Ich muss mal …
Vor einiger Zeit stolperte ich über eine illustrierte Parabel für Erwachsene (ja, so eine wie “Agathes Kreise”! www.agatheskreise.at). Die Geschichte ließ mich ziemlich verwirrt zurück, und zwar dermaßen, dass sie mir trotz meiner erheblichen Vergesslichkeit in Erinnerung blieb. Sie geht so: Ein Mann baut in seiner Freizeit gerne kleine Holzschiffe. Er baut sie dermaßen gut, dass viele Menschen darauf aufmerksam werden. Er ist traurig, dass er so wenig Zeit für sein geliebtes Hobby hat, und beschließt, seinen Beruf sein zu lassen und nur noch Holzschiffe zu bauen, denn er weiß: Was man gern macht, macht man gut. Und das tut er auch: Er macht sie gern und gut. Doch eines Tages baut er das schönste und beste Holzschiff, das er je gebaut hat, schickt es hinaus aufs Meer und aus. Nie wieder Holzschiffe.

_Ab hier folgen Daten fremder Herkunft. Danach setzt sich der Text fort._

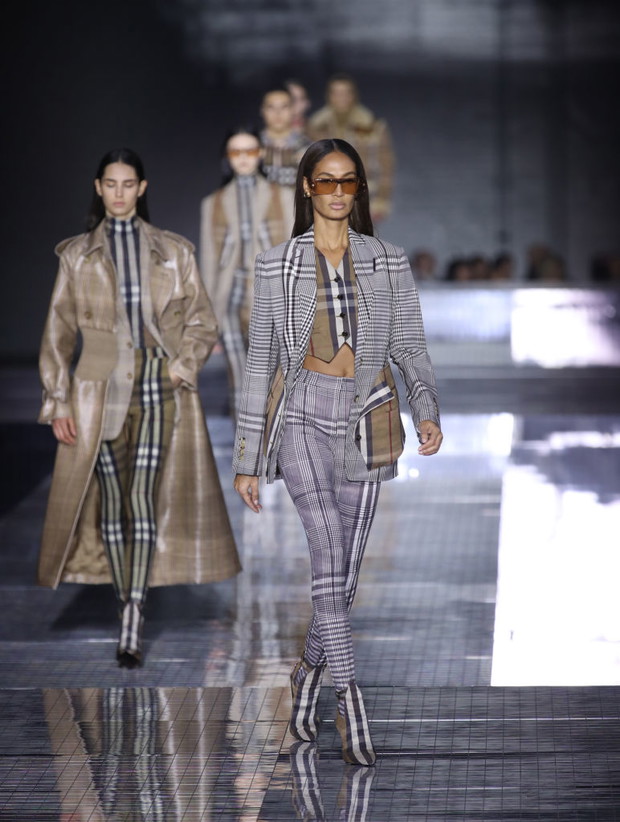 Burberry: nowy pokaz odbędzie się we wrześniu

Ich halte das Buch in Händen und bin verwirrt. Öh … hä? Was will mir diese Parabel gleich nochmal sagen? Tu NICHT, was Du tun möchtest? Folge NICHT dem vielzitierten “Herzen”? Bullshit, bitte, welcher Nerd denkt sich sowas aus? 10 Regalmeter Lebenshilfebuchbranche bei Thalia irren nicht! Ganz klar, das Buch ist nicht mehr wert als der läppische Euro, um den es verschleudert wird. Es ist wunderschön illustriert, aber wer stellt sich schon diese Papier gewordene Depression ins Regal?
Na sehr super … dafür hab ich’s jetzt, 3 Jahre später, immer noch auf meiner inneren Festplatte. Nach einigen hunderttausend Umdrehungen (ich stelle mir die Funktionsweise einer Festplatte wie eine Plattenspielernadel auf einer sich drehenden Schellack vor) und meiner eigenen, in der Zwischenzeit veränderten Realität, fällt der Groschen: Was man gern macht, macht man gut, weil man es so oft gern macht, bis man es richtig gut kann. Kurz gesagt: Ich mag, was ich kann. Vom WOLLEN ist hier aber nicht die Rede …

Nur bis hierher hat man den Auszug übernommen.